I have many installations of kyverno and confused version numbers. This is actually running v1.8.0 which is known to have admission reporting issues. I am currently upgrading to v1.8.5. Cluster appears to be cleaning up a lot
Issue seems to be related to running Kyverno on large clusters (or rules that match on *
) with low or default QPS/Burst settings. Closing this for now, as it doesn't seem to be a bug, but rather a misconfiguration.
UPDATE: Figured I should also update this and note that one can monitor/alert on etcd_db_total_size_in_bytes
to potentially prevent this in advance
@realshuting @eddycharly - can we correlate the QPS to the ARPS, to make some recommendations?
we have the same issue in some clusters running kyverno in combination with crossplane - problem on our side is that our EKS ControlPlane is unable to startup GC because of this issue - any advise ?
kubectl get --raw=/metrics | grep apiserver_storage_objects | awk '$2>100' | sort -n -k 2.
# HELP apiserver_storage_objects [STABLE] Number of stored objects at the time of last check split by kind.
# TYPE apiserver_storage_objects gauge
apiserver_storage_objects{resource="clusteradmissionreports.kyverno.io"} 2.581064e+06.
we running at the moment a cleanup in our cluster with:
for i in {1..10}
do
time kubectl get --raw "/apis/kyverno.io/v1alpha2/clusteradmissionreports?limit=10000" | jq -r '.items | .[].metadata.name' | xargs -n 1 -P 400 kubectl delete clusteradmissionreports 2>/dev/null
done
@haarchri what size is your cluster ? do you see throttled requests in the logs ?
small update - we running this pod now in our cluster: https://gist.github.com/haarchri/90c5f3374686531f953430194d22643a
1000+ CRDS 1500+ Crossplane managed resources 600+ Pods 300+ Jobs
Check for throttled requests, this could well be the cause.
In my opinion it's still a bug, not misconfiguration.
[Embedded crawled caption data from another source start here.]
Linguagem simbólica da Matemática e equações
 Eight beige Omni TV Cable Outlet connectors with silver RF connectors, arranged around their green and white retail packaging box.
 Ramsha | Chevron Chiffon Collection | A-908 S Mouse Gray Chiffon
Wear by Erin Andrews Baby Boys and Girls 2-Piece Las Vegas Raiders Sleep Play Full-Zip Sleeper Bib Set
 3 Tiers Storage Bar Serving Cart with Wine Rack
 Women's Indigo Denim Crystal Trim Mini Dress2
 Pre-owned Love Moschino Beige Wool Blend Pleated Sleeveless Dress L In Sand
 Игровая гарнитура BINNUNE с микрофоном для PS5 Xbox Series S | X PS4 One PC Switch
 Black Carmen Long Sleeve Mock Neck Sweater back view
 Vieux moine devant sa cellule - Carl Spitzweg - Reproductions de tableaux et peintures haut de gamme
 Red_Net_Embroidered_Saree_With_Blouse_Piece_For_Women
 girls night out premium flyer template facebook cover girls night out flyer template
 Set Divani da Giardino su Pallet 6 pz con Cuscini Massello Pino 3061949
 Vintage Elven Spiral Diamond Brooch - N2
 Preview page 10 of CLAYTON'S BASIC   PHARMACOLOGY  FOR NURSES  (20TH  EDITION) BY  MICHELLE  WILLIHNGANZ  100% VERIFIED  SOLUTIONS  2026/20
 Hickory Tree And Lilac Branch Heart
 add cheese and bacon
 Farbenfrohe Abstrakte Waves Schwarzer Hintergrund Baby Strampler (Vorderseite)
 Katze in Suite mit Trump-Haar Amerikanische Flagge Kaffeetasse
In our case etcd database grew ~3GB. In one of namespaces we were not able to list all AdmissionReport resources. The only way to get rid of it was remove crd responsible for Admrs. To workaround this bug the only way right now is to run Kyverno without Admission Reports (flag has to be added to Kyverno container: --admissionReports=false) to be sure it will not crush a cluster.
@krol76 what size is your cluster ? do you see throttled requests in the logs ?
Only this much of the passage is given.